Short descriptive text snippets:
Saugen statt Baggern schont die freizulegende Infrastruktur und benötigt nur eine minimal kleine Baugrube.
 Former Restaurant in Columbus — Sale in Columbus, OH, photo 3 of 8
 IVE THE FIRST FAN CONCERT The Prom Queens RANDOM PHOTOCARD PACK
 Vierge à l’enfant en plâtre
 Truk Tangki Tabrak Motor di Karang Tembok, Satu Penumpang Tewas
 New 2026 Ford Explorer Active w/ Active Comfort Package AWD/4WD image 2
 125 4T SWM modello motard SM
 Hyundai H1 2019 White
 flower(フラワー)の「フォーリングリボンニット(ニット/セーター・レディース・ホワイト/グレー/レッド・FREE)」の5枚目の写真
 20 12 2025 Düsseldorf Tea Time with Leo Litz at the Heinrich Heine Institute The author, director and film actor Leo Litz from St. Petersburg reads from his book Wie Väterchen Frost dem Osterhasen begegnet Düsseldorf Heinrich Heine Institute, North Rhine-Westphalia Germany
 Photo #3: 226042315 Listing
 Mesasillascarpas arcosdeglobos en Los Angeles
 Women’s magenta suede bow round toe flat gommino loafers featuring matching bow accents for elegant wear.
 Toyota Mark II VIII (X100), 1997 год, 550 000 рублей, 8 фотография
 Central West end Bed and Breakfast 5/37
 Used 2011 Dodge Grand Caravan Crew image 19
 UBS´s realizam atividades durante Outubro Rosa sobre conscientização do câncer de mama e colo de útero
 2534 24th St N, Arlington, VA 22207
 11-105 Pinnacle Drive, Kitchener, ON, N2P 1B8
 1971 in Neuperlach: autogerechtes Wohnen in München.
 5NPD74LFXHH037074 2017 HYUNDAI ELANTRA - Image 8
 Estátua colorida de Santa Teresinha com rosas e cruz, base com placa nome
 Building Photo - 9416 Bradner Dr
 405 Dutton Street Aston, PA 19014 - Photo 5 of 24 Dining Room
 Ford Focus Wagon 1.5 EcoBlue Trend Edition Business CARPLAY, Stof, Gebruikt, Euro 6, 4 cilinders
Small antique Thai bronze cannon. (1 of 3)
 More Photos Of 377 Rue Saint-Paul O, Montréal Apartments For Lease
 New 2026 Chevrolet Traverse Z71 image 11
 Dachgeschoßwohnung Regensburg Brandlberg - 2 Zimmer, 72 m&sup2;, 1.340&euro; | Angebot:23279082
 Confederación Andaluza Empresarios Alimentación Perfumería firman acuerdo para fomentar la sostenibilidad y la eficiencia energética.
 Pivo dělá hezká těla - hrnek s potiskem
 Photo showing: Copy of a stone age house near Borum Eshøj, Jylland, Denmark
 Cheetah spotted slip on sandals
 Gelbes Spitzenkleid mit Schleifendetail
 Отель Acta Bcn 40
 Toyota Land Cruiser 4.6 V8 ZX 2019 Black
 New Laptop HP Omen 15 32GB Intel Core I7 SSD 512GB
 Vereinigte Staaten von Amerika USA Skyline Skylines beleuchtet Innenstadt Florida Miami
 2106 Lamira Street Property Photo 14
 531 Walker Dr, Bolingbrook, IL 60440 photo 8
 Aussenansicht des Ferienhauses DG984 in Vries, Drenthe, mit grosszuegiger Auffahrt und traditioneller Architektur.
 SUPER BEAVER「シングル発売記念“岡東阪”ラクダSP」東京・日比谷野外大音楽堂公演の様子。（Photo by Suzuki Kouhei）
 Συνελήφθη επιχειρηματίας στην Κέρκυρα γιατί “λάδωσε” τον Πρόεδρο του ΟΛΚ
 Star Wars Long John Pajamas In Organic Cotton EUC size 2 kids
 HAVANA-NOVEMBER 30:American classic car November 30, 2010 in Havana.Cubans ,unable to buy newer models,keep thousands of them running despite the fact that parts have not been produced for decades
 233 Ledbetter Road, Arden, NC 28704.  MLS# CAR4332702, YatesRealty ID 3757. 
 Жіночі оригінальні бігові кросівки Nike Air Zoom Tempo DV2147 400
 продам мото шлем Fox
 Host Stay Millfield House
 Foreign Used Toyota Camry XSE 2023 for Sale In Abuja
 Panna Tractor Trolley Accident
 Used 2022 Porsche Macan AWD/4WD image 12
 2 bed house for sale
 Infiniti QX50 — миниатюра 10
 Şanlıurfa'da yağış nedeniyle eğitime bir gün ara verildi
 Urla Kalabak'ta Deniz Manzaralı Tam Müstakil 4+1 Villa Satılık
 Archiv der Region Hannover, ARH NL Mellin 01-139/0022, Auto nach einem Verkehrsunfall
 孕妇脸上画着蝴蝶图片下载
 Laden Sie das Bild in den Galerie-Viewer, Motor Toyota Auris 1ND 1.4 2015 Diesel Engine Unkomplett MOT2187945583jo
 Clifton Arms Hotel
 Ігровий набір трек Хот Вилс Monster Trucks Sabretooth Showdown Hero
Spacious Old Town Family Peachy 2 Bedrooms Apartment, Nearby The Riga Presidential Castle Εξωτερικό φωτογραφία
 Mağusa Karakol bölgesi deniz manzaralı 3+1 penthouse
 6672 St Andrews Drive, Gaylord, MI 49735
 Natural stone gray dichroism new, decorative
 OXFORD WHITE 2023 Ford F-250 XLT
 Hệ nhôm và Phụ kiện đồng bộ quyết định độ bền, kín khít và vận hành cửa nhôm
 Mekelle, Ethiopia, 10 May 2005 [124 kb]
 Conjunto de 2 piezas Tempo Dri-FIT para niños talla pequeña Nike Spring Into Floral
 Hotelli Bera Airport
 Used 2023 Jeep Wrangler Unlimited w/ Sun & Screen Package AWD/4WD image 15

## Brief
Your answer must contain every line of the records, exactly.

## Solution
Saugen statt Baggern schont die freizulegende Infrastruktur und benötigt nur eine minimal kleine Baugrube.
 Former Restaurant in Columbus — Sale in Columbus, OH, photo 3 of 8
 IVE THE FIRST FAN CONCERT The Prom Queens RANDOM PHOTOCARD PACK
 Vierge à l’enfant en plâtre
 Truk Tangki Tabrak Motor di Karang Tembok, Satu Penumpang Tewas
 New 2026 Ford Explorer Active w/ Active Comfort Package AWD/4WD image 2
 125 4T SWM modello motard SM
 Hyundai H1 2019 White
 flower(フラワー)の「フォーリングリボンニット(ニット/セーター・レディース・ホワイト/グレー/レッド・FREE)」の5枚目の写真
 20 12 2025 Düsseldorf Tea Time with Leo Litz at the Heinrich Heine Institute The author, director and film actor Leo Litz from St. Petersburg reads from his book Wie Väterchen Frost dem Osterhasen begegnet Düsseldorf Heinrich Heine Institute, North Rhine-Westphalia Germany
 Photo #3: 226042315 Listing
 Mesasillascarpas arcosdeglobos en Los Angeles
 Women’s magenta suede bow round toe flat gommino loafers featuring matching bow accents for elegant wear.
 Toyota Mark II VIII (X100), 1997 год, 550 000 рублей, 8 фотография
 Central West end Bed and Breakfast 5/37
 Used 2011 Dodge Grand Caravan Crew image 19
 UBS´s realizam atividades durante Outubro Rosa sobre conscientização do câncer de mama e colo de útero
 2534 24th St N, Arlington, VA 22207
 11-105 Pinnacle Drive, Kitchener, ON, N2P 1B8
 1971 in Neuperlach: autogerechtes Wohnen in München.
 5NPD74LFXHH037074 2017 HYUNDAI ELANTRA - Image 8
 Estátua colorida de Santa Teresinha com rosas e cruz, base com placa nome
 Building Photo - 9416 Bradner Dr
 405 Dutton Street Aston, PA 19014 - Photo 5 of 24 Dining Room
 Ford Focus Wagon 1.5 EcoBlue Trend Edition Business CARPLAY, Stof, Gebruikt, Euro 6, 4 cilinders
Small antique Thai bronze cannon. (1 of 3)
 More Photos Of 377 Rue Saint-Paul O, Montréal Apartments For Lease
 New 2026 Chevrolet Traverse Z71 image 11
 Dachgeschoßwohnung Regensburg Brandlberg - 2 Zimmer, 72 m&sup2;, 1.340&euro; | Angebot:23279082
 Confederación Andaluza Empresarios Alimentación Perfumería firman acuerdo para fomentar la sostenibilidad y la eficiencia energética.
 Pivo dělá hezká těla - hrnek s potiskem
 Photo showing: Copy of a stone age house near Borum Eshøj, Jylland, Denmark
 Cheetah spotted slip on sandals
 Gelbes Spitzenkleid mit Schleifendetail
 Отель Acta Bcn 40
 Toyota Land Cruiser 4.6 V8 ZX 2019 Black
 New Laptop HP Omen 15 32GB Intel Core I7 SSD 512GB
 Vereinigte Staaten von Amerika USA Skyline Skylines beleuchtet Innenstadt Florida Miami
 2106 Lamira Street Property Photo 14
 531 Walker Dr, Bolingbrook, IL 60440 photo 8
 Aussenansicht des Ferienhauses DG984 in Vries, Drenthe, mit grosszuegiger Auffahrt und traditioneller Architektur.
 SUPER BEAVER「シングル発売記念“岡東阪”ラクダSP」東京・日比谷野外大音楽堂公演の様子。（Photo by Suzuki Kouhei）
 Συνελήφθη επιχειρηματίας στην Κέρκυρα γιατί “λάδωσε” τον Πρόεδρο του ΟΛΚ
 Star Wars Long John Pajamas In Organic Cotton EUC size 2 kids
 HAVANA-NOVEMBER 30:American classic car November 30, 2010 in Havana.Cubans ,unable to buy newer models,keep thousands of them running despite the fact that parts have not been produced for decades
 233 Ledbetter Road, Arden, NC 28704.  MLS# CAR4332702, YatesRealty ID 3757. 
 Жіночі оригінальні бігові кросівки Nike Air Zoom Tempo DV2147 400
 продам мото шлем Fox
 Host Stay Millfield House
 Foreign Used Toyota Camry XSE 2023 for Sale In Abuja
 Panna Tractor Trolley Accident
 Used 2022 Porsche Macan AWD/4WD image 12
 2 bed house for sale
 Infiniti QX50 — миниатюра 10
 Şanlıurfa'da yağış nedeniyle eğitime bir gün ara verildi
 Urla Kalabak'ta Deniz Manzaralı Tam Müstakil 4+1 Villa Satılık
 Archiv der Region Hannover, ARH NL Mellin 01-139/0022, Auto nach einem Verkehrsunfall
 孕妇脸上画着蝴蝶图片下载
 Laden Sie das Bild in den Galerie-Viewer, Motor Toyota Auris 1ND 1.4 2015 Diesel Engine Unkomplett MOT2187945583jo
 Clifton Arms Hotel
 Ігровий набір трек Хот Вилс Monster Trucks Sabretooth Showdown Hero
Spacious Old Town Family Peachy 2 Bedrooms Apartment, Nearby The Riga Presidential Castle Εξωτερικό φωτογραφία
 Mağusa Karakol bölgesi deniz manzaralı 3+1 penthouse
 6672 St Andrews Drive, Gaylord, MI 49735
 Natural stone gray dichroism new, decorative
 OXFORD WHITE 2023 Ford F-250 XLT
 Hệ nhôm và Phụ kiện đồng bộ quyết định độ bền, kín khít và vận hành cửa nhôm
 Mekelle, Ethiopia, 10 May 2005 [124 kb]
 Conjunto de 2 piezas Tempo Dri-FIT para niños talla pequeña Nike Spring Into Floral
 Hotelli Bera Airport
 Used 2023 Jeep Wrangler Unlimited w/ Sun & Screen Package AWD/4WD image 15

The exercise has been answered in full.